### TASK PROMPT
Please set down, exactly as written, the line containing "картинка Huayu LT-1504" and every line after it through the end of the records.

Start of ENTRIES SHOWN

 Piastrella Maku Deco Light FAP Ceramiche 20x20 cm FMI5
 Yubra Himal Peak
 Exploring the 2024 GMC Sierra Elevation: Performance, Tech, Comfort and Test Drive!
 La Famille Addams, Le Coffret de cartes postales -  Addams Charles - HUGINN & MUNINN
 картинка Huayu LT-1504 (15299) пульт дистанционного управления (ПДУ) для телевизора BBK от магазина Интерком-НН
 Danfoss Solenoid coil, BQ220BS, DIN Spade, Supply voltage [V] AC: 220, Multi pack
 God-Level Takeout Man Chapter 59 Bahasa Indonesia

End of ENTRIES SHOWN

### WRITTEN ANSWER
 картинка Huayu LT-1504 (15299) пульт дистанционного управления (ПДУ) для телевизора BBK от магазина Интерком-НН
 Danfoss Solenoid coil, BQ220BS, DIN Spade, Supply voltage [V] AC: 220, Multi pack
 God-Level Takeout Man Chapter 59 Bahasa Indonesia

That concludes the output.